Best comment: “Light some candles, put on some R. Kelly, I wanna make love.”

Montana Moonshine, Willie’s Distillery, Ennis

$26.20, 90 proof

Distillery description: “Made with four Montana grains and gently distilled to bring out the full flavor. It is what whiskey looks and tastes like before it goes into a barrel.”

Our score: 26

Our judges immediately pegged this one as moonshine based on its distinct corn flavor and aroma. “I’d only drink this if I were below the Mason-Dixon line,” said one. “Deliverance,” quipped another. But even those who weren’t huge fans appreciated some of its flavors: “Not for me, but lots of character in every sip.”

Best comment: “Down home meets downtown.”
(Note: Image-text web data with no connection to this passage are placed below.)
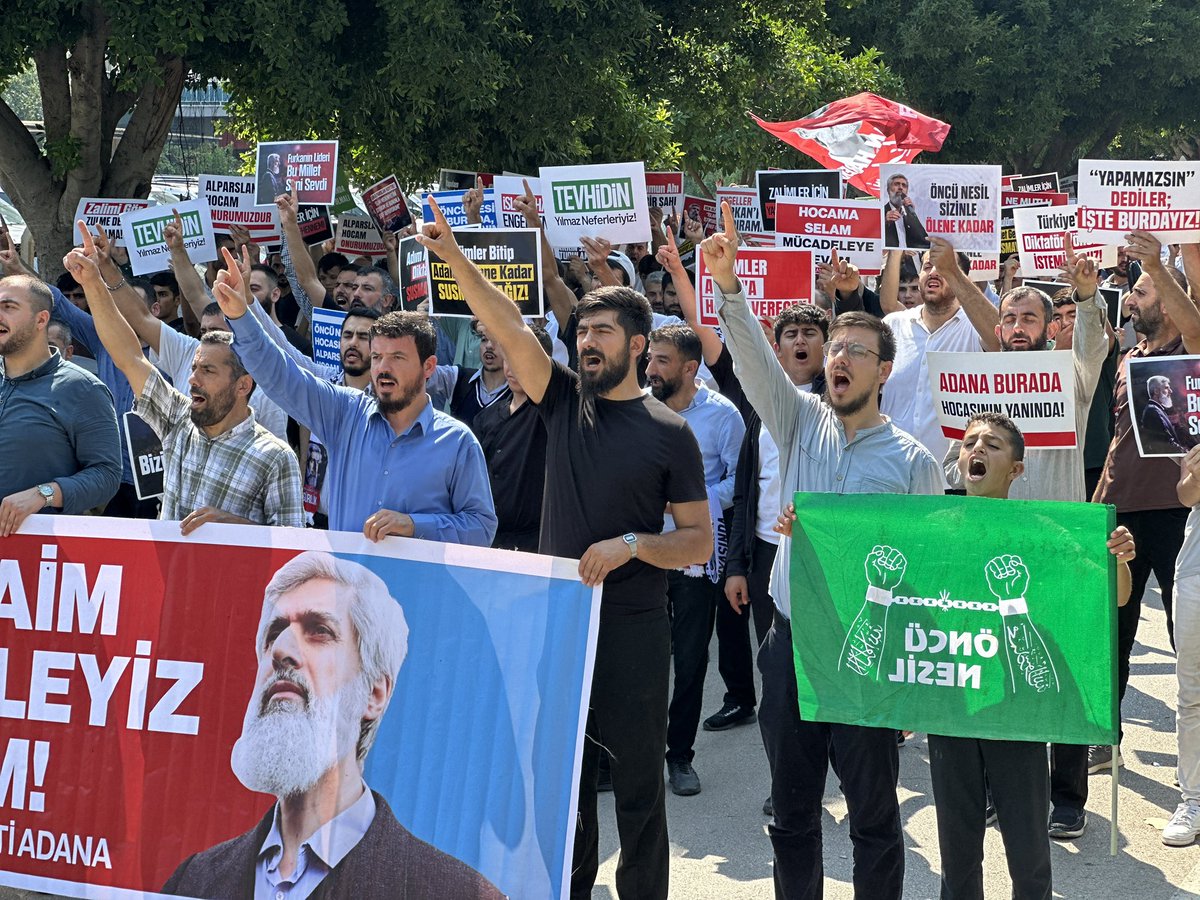FurkanhaberTR's tweet photo. Adana Emniyeti Önünde Gece Gündüz Bekleyiş Sürüyor!

Alparslan Kuytul Hoca, Semra Kuytul Hocahanım ve Furkan Hareketi mensuplarının gözaltına alınmasına tepki gösteren Furkan Hareketi mensupları, Adana Emniyeti önündeki bekleyişlerini sürdürüyor.

Gece boyunca emniyet çevresindeki kaldırımlarda ve refüjde bekleyen mensuplar, sabahın ilk saatleriyle birlikte yeniden sloganlarla seslerini duyurdu.

Hukuksuzluk karşısında geri adım atmayan Furkan Hareketi mensupları, “Hakkımızı aramaya, adalet talep etmeye devam edeceğiz” mesajı veriyor.

Gece de oradaydılar, sabah da… Vefa ve adalet talebiyle bekleyiş sürüyor.

SuçDeğil SusDosyası
AlparslanHoca Gözaltında
SemraKuytul Gözaltında
#AdanaEmniyeti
Special Jury Prize Snifter

RoughStock Black Label, RoughStock Distillery, Bozeman

$64.10, 125 proof

Distillery description: “The single barrel version of Roughstock’s Montana Pure Malt Whiskey. The whiskey is untouched: uncut, unfiltered, and unadulterated in any way and at actual cask strength.”

Our score: 35

Whoa, Nellie. This cask-strength whiskey will put some hair on your chest. Our judges were excited to see an actual brown liquor arrive at the tasting, but those feelings were quickly tempered by Black Label’s overpowering taste. “This just kicks you upside the head!” said one judge. “You could light your breath on fire with this, right?” asked another. Despite its aggressiveness, fans of traditional whiskeys appreciated the Black Label’s long legs in the glass (“Cindy Crawford would be jealous”) and picked up the wood notes in the finish. Overall, it turned out to be an all-or-nothing selection for the judges, with enough alls to put it on the podium.

Best comment: “Wise beyond its years—and bodes well for how it might taste in a couple more years.”